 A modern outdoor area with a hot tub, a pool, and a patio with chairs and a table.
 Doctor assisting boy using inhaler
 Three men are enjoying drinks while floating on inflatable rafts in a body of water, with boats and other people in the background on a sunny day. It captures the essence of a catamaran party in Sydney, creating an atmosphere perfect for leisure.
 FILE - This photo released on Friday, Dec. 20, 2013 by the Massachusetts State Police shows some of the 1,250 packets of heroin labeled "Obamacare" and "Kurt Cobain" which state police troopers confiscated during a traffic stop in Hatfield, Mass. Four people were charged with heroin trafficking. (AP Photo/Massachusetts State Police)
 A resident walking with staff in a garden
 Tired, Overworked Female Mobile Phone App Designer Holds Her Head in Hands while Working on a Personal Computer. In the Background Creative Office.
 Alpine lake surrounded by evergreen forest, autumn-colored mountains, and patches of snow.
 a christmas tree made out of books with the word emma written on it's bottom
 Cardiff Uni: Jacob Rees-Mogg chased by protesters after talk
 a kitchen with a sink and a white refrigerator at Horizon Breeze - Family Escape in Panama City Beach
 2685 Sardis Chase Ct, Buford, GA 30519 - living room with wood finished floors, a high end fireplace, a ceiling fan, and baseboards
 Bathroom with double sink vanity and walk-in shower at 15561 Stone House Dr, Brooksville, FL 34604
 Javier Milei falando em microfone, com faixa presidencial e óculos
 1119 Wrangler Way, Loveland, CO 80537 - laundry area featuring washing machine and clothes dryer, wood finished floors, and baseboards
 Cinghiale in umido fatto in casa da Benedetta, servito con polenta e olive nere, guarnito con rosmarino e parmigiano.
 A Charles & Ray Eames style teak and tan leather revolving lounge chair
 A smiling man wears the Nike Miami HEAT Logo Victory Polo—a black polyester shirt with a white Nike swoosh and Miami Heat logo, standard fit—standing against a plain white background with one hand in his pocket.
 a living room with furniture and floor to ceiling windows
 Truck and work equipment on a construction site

*WORK TO BE COMPLETED:*
Write out all the material exactly.

*SOLUTION TO THIS PROBLEM:*
 A modern outdoor area with a hot tub, a pool, and a patio with chairs and a table.
 Doctor assisting boy using inhaler
 Three men are enjoying drinks while floating on inflatable rafts in a body of water, with boats and other people in the background on a sunny day. It captures the essence of a catamaran party in Sydney, creating an atmosphere perfect for leisure.
 FILE - This photo released on Friday, Dec. 20, 2013 by the Massachusetts State Police shows some of the 1,250 packets of heroin labeled "Obamacare" and "Kurt Cobain" which state police troopers confiscated during a traffic stop in Hatfield, Mass. Four people were charged with heroin trafficking. (AP Photo/Massachusetts State Police)
 A resident walking with staff in a garden
 Tired, Overworked Female Mobile Phone App Designer Holds Her Head in Hands while Working on a Personal Computer. In the Background Creative Office.
 Alpine lake surrounded by evergreen forest, autumn-colored mountains, and patches of snow.
 a christmas tree made out of books with the word emma written on it's bottom
 Cardiff Uni: Jacob Rees-Mogg chased by protesters after talk
 a kitchen with a sink and a white refrigerator at Horizon Breeze - Family Escape in Panama City Beach
 2685 Sardis Chase Ct, Buford, GA 30519 - living room with wood finished floors, a high end fireplace, a ceiling fan, and baseboards
 Bathroom with double sink vanity and walk-in shower at 15561 Stone House Dr, Brooksville, FL 34604
 Javier Milei falando em microfone, com faixa presidencial e óculos
 1119 Wrangler Way, Loveland, CO 80537 - laundry area featuring washing machine and clothes dryer, wood finished floors, and baseboards
 Cinghiale in umido fatto in casa da Benedetta, servito con polenta e olive nere, guarnito con rosmarino e parmigiano.
 A Charles & Ray Eames style teak and tan leather revolving lounge chair
 A smiling man wears the Nike Miami HEAT Logo Victory Polo—a black polyester shirt with a white Nike swoosh and Miami Heat logo, standard fit—standing against a plain white background with one hand in his pocket.
 a living room with furniture and floor to ceiling windows
 Truck and work equipment on a construction site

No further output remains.